Dataset excerpts:
·····

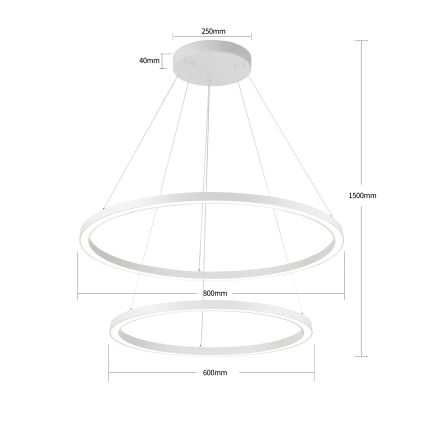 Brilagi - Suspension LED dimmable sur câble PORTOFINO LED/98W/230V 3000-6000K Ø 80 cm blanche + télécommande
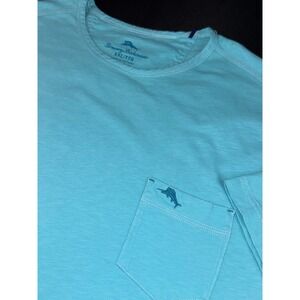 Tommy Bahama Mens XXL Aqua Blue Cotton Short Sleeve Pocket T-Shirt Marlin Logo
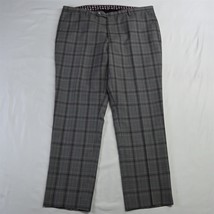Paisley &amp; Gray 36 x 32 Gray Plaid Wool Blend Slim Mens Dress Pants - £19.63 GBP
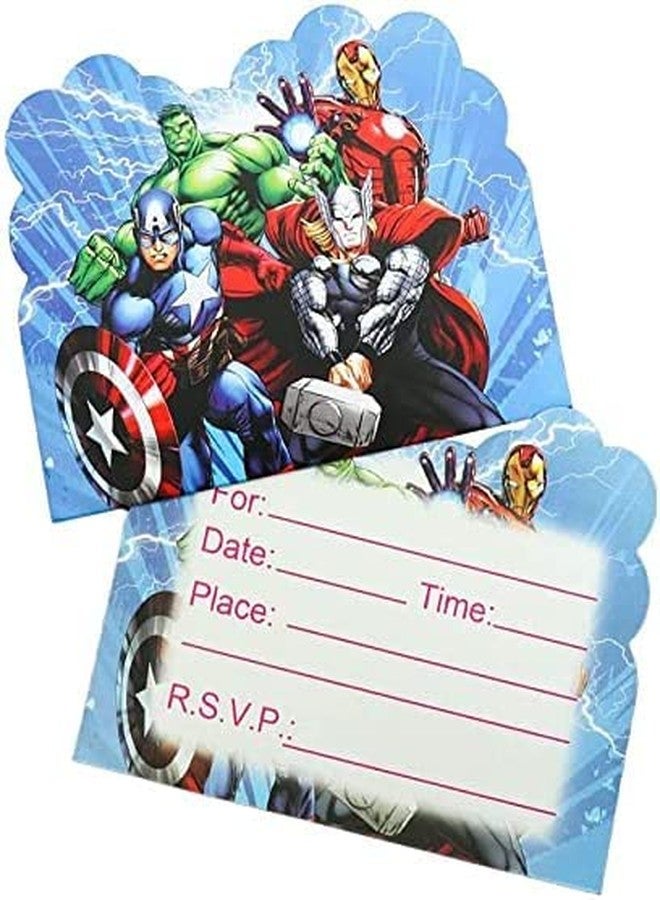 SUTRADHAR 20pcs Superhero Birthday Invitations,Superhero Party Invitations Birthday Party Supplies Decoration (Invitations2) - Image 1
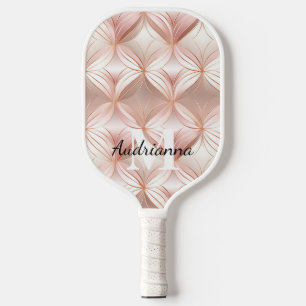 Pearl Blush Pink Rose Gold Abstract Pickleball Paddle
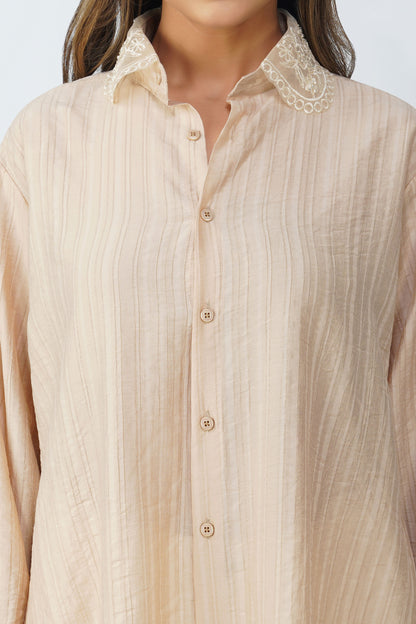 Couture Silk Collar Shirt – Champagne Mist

·····

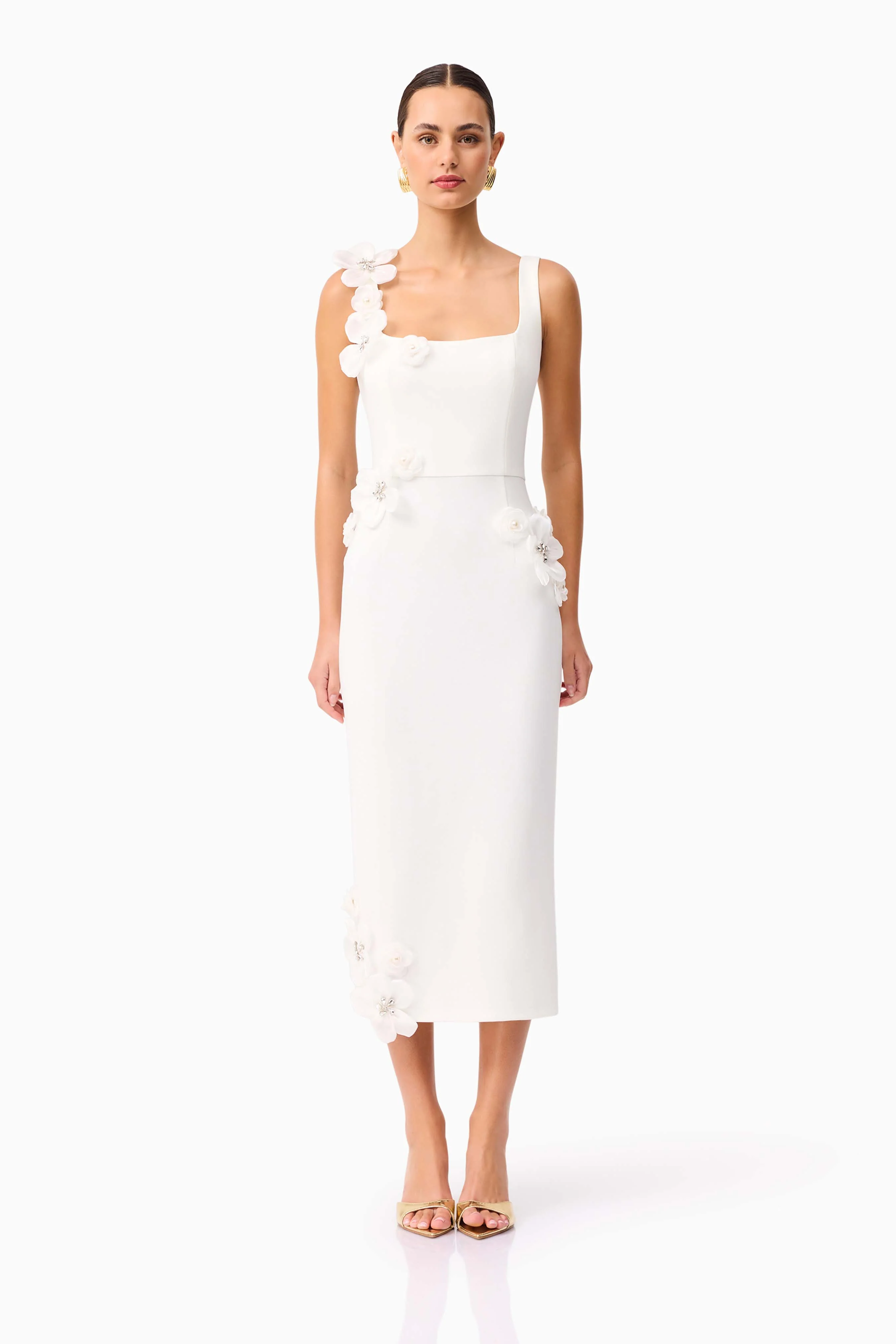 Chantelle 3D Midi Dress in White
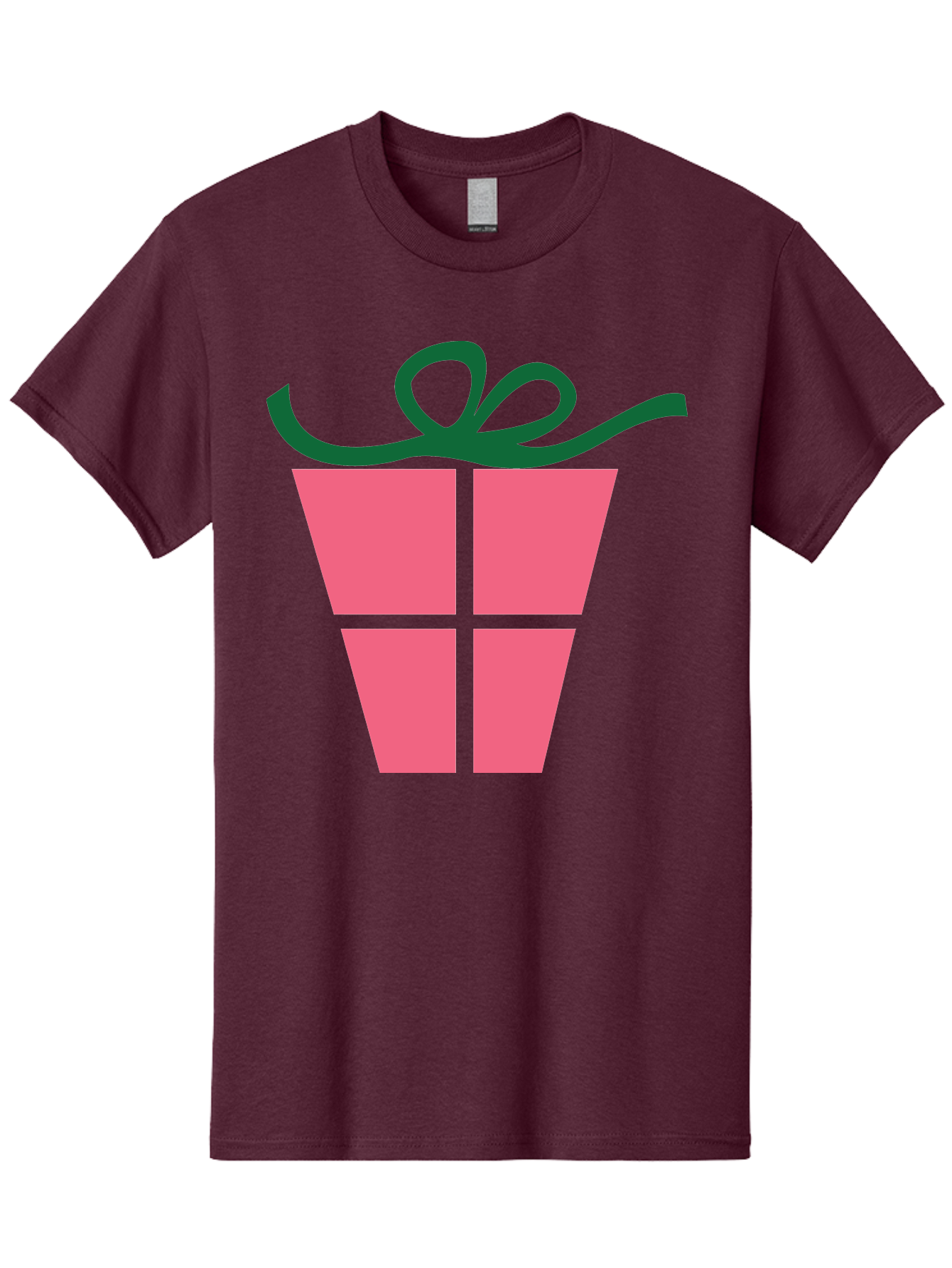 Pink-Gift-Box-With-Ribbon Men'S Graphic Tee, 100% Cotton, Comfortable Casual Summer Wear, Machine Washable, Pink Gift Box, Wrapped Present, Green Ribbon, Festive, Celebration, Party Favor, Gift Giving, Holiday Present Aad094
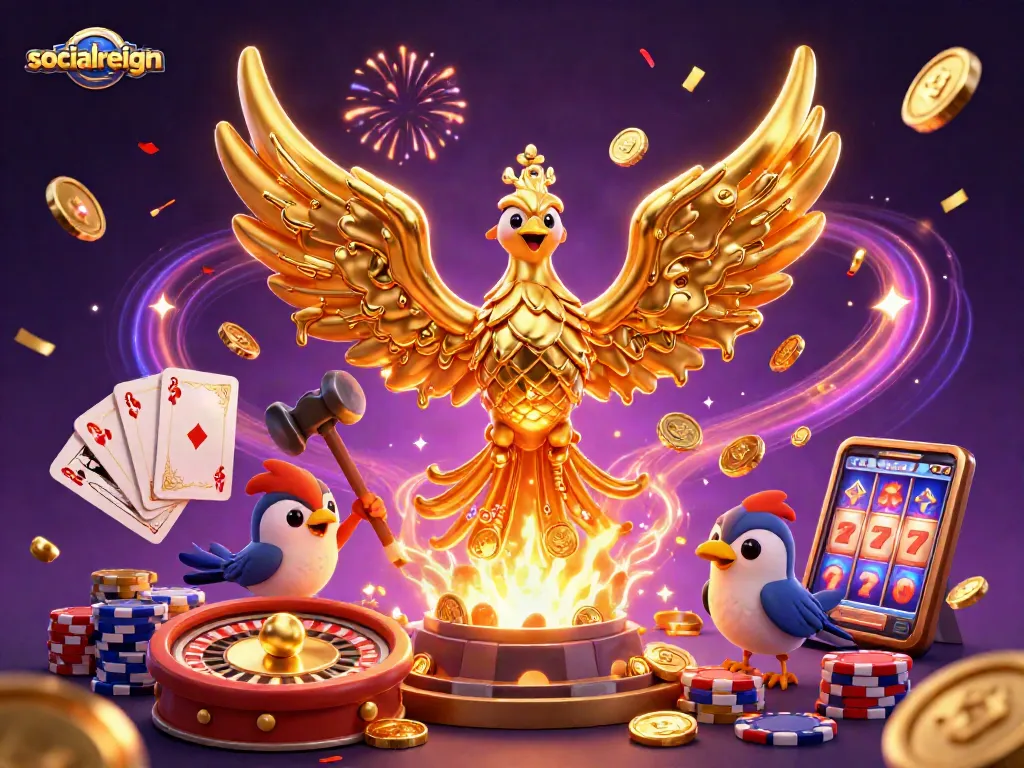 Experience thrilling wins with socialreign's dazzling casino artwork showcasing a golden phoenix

·····

What you need to do:
What you return from the records above should be exactly everything from the line with "Paisley &amp; Gray" down to the line with "Couture Silk Collar Shirt – Champagne Mist", both kept, and no pictures.

Result below:
Paisley &amp; Gray 36 x 32 Gray Plaid Wool Blend Slim Mens Dress Pants - £19.63 GBP
 SUTRADHAR 20pcs Superhero Birthday Invitations,Superhero Party Invitations Birthday Party Supplies Decoration (Invitations2) - Image 1
 Pearl Blush Pink Rose Gold Abstract Pickleball Paddle
 Couture Silk Collar Shirt – Champagne Mist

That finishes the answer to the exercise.